The road ahead: staying put


The road ahead: staying put

Apr 01, 2006

Envision The Life Of An Equine Veterinarian. Do you see a truck and a lone individual spending days and sometimes nights on the road driving from barn to barn? Long days, no personal life—the modern day version of the Lone Ranger?

Aside from the veterinarians who work with large specialty or surgical hospitals, this is what most equine practitioners assume working with horses is all about. Not all clients have trailers, so you need to hit the road. Or do you?

Your client base is changing

The largest growing segment of new horse owners consists of women older than 35 who have the time and money to realize their dreams of owning a horse. Look at the Bayer Select World Championship Show—a full-schedule, stand-alone show for the 50-and-older competitors.

Select classes rank among the most competitive at a typical Quarter Horse show, because riders want to accumulate enough points to participate in the select show. The breed shows all now boast full divisions for the 35-and-older and 50-and-older crowds. The hunter/jumper shows also provide divisions for mature riders, and their numbers continue to grow. In fact, sometimes these are larger divisions than the youth and amateur classes.

This trend is important to you, because this group's going to make up a bigger portion of your client base. And members of this population generally have big demands on their time. They also tend to be well-educated and Internet savvy—and they want and demand what's best for their horses.

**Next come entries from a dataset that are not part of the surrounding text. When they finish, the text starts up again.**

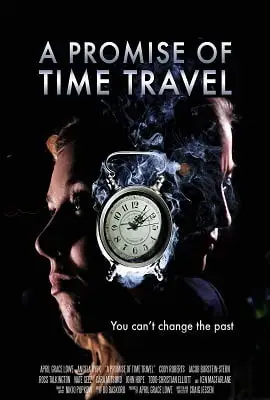 A promise of time travel 2016 - vegamovies, VegaMoviesv.com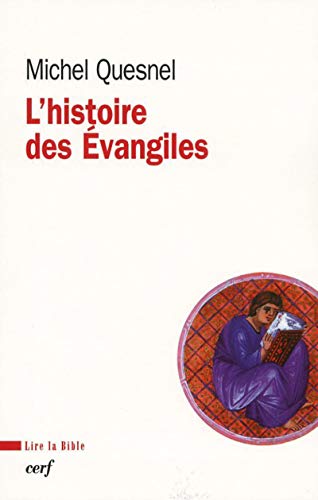 Stock image for L'histoire des Evangiles for sale by Ammareal
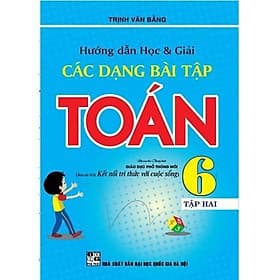 Hướng Dẫn Học Và Giải Các Dạng Bài Tập Toán Lớp 6 - Tập 2 - Bám Sát SGK Kết Nối Tri Thức Với Cuộc Sống - Hồng Ân - An
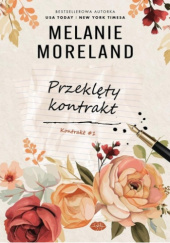 Okładka książki Przeklęty kontrakt Melanie Moreland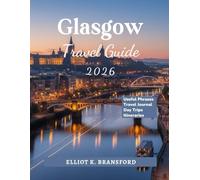 Glasgow Travel Guide 2026: Discover Scotland's Vibrant City of Culture and Creativity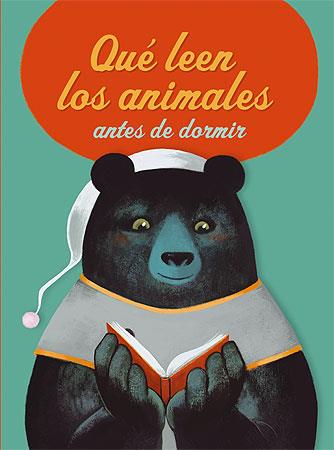 QUE LEEN LOS ANIMALES ANTES DE DORMIR | 9788426138446 | CARLAIN, NOE / NICOLAS DUFFAUT | Galatea Llibres | Llibreria online de Reus, Tarragona | Comprar llibres en català i castellà online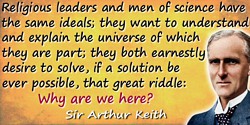 Arthur Keith quote: Religious leaders and men of science have the same ideals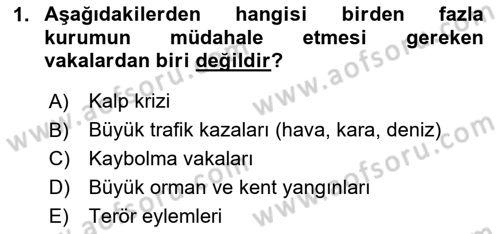 Acil Çağrı Yönetimi Dersi 2025 - 2026 Yılı (Final) Dönem Sonu Sınav Soruları 1. Soru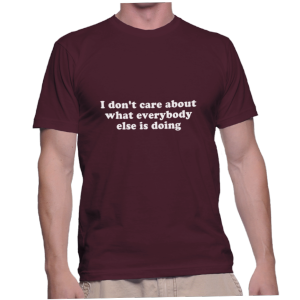 I don't care about what everybody else is doing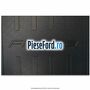 Tavita portbagaj Ford Fiesta 2017-2023 1.0 EcoBoost 95 cp M0JA benzina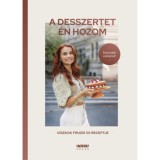 A desszertet &eacute;n hozom - Viszkok Fruzsi 50 receptje - Viszkok Fruzsi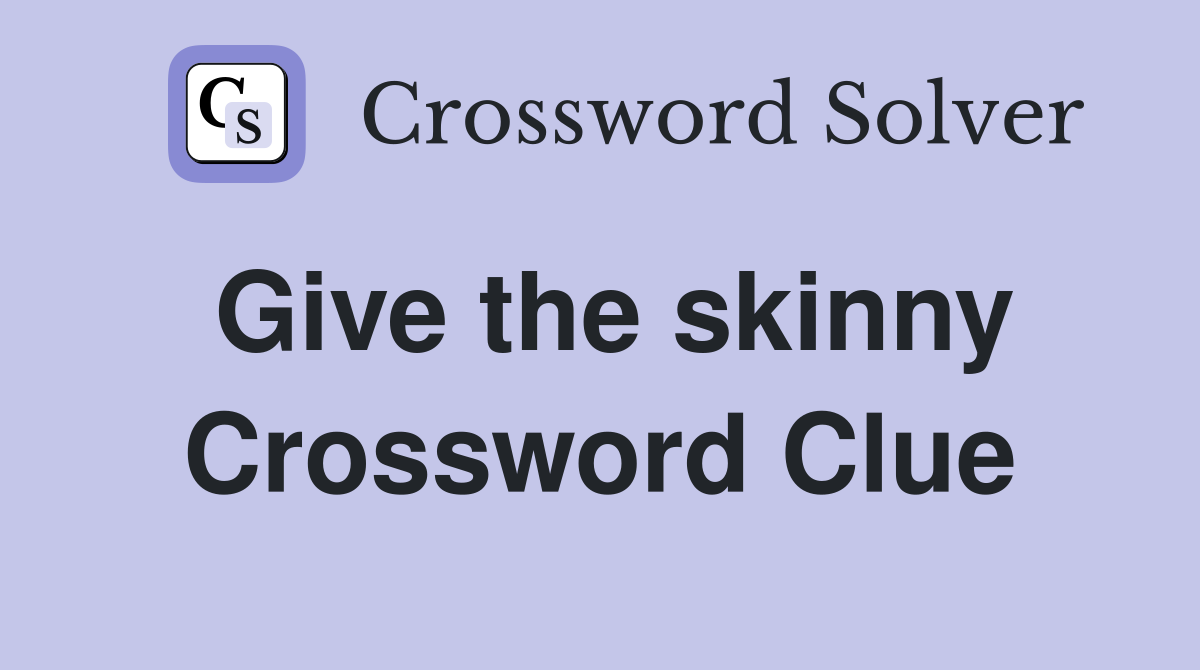 Give the skinny Crossword Clue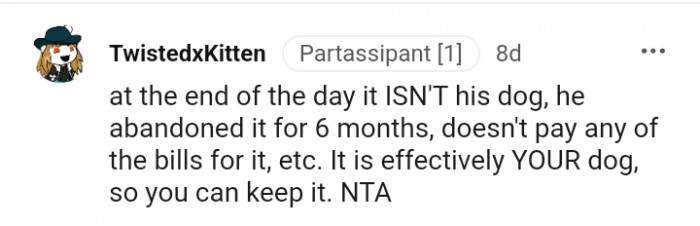 3. It isn't his dog at the end of the day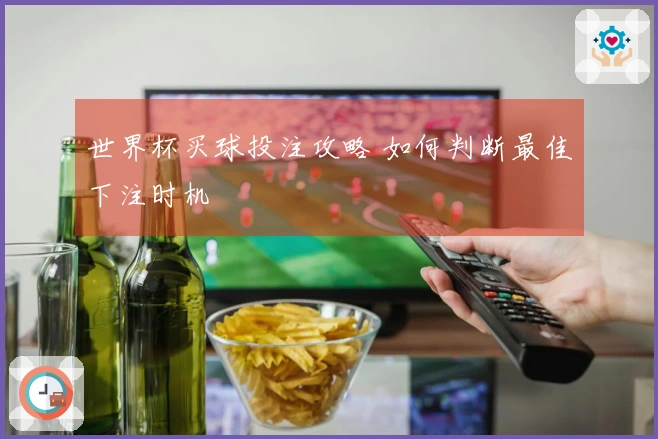 世界杯买球投注攻略 如何判断最佳下注时机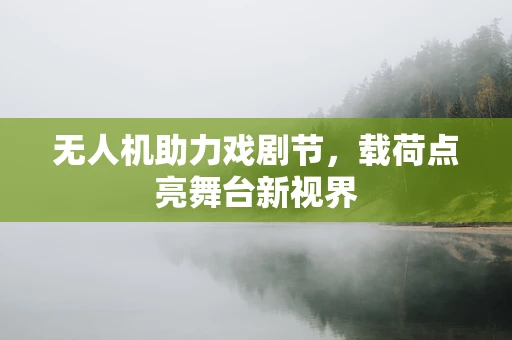 无人机助力戏剧节，载荷点亮舞台新视界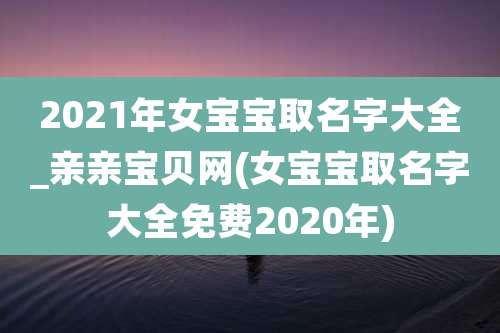 2021年女宝宝取名字大全_亲亲宝贝网(女宝宝取名字大全免费2020年)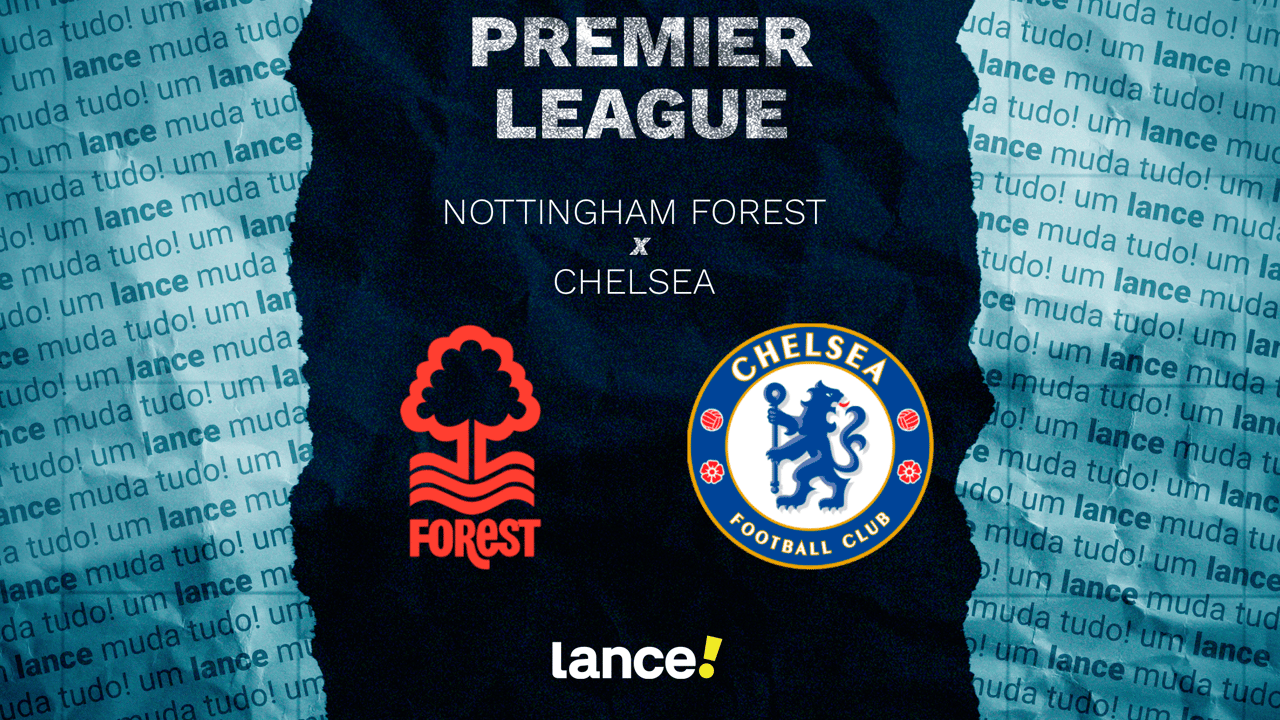 Forest x Chelsea: onde assistir ao vivo jogo pela Premier League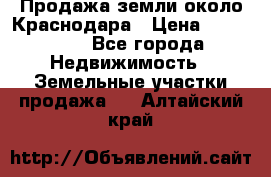 Продажа земли около Краснодара › Цена ­ 700 000 - Все города Недвижимость » Земельные участки продажа   . Алтайский край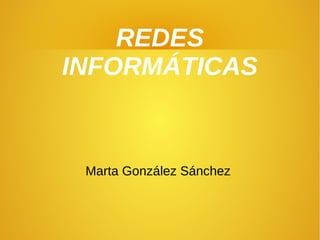 REDES
INFORMÁTICAS
Marta González Sánchez
 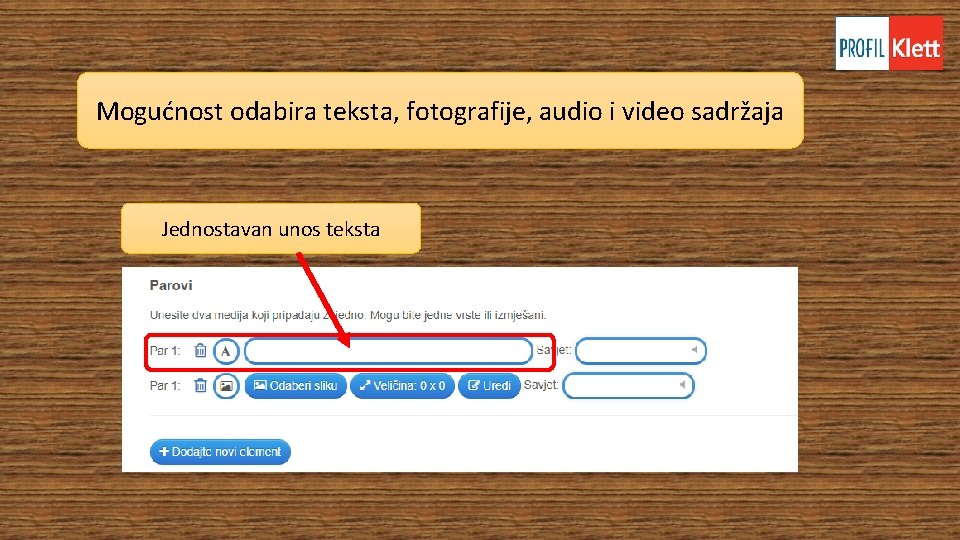 Mogućnost odabira teksta, fotografije, audio i video sadržaja Jednostavan unos teksta Mogućnost odabira teksta, fotografije, audio i video sadržaja Jednostavan unos teksta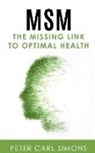 Peter Carl - MSM - The Missing Link to Optimal Health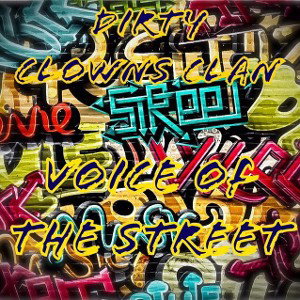 Dirty Clowns Clan - Voice of the street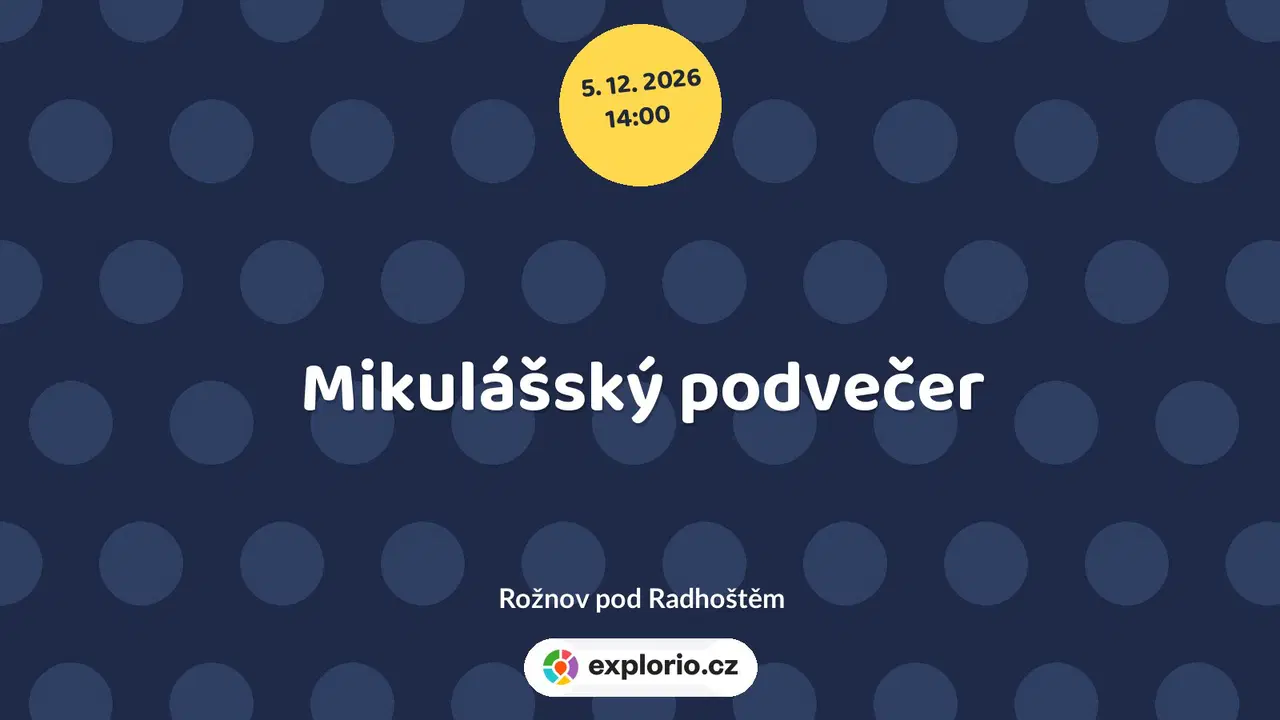 Mikulášský podvečer – prohlídky a Muzea, Rožnov pod Radhoštěm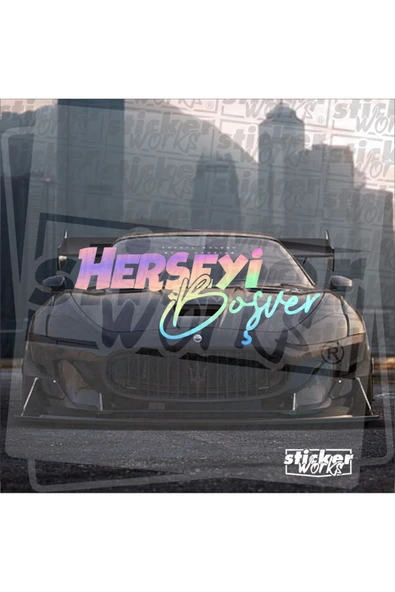 Herşeyi Boşver Sticker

This client could change your practice

It used to be that you told your clients you'd be at their farm Tuesday morning before noon. Assuming nothing disrupted your schedule, you got there Tuesday morning, took care of the horse, and went on about your day. If your patient had a problem requiring treatment several times during the day, you left instructions, and it was up to your client to see that they were carried out. If your patient required blood work or specialized equipment you didn't have on your truck, you simply scheduled another appointment. What's wrong with this picture?

Many of your clients juggle demanding personal schedules. Yes, they have time to own a horse, but they don't have time to wait at the barn for you. Nor can they spend all day soaking legs, putting on ointment, or providing other medical care their horses may need.

Plus, many of them have trailers or backup transportation arrangements and could bring their horse to your facility. There you have the equipment at your fingertips and the support you need to do a complete and thorough workup on the horse without needing so many follow-up visits.

Dr. Andy Bennett, a sole practitioner with Polk Equine, P.L., in central Florida, believes if he had less "windshield" time he'd have more time to devote to treating the difficult cases that he sees in his practice. He believes that he could add newer and better services for his clients. Even if his practice income takes a dip at first, which he believes it will, he says it's worth it. In the long run his patients will benefit from being able to come to a facility where the working conditions are better.

At the practice, you generally enjoy nicer working conditions than what you find at clients' barns. You'll have good lighting, a concrete surface on which to check for lameness, stocks if you need them, the right electrical hookup for your radiograph machine, and so on.

Time is money
Busy clients appreciate that they can bring their horses to you on a specific day, at an appointment time, and they stand a good chance of their horses being seen and treated efficiently. If their horses need follow-up care that would require them to take off time from work or away from other things they need to do in order to try to administer it at home, they'll be willing to pay for the service. They're happy to leave their horses at your office where they'll get the care they need.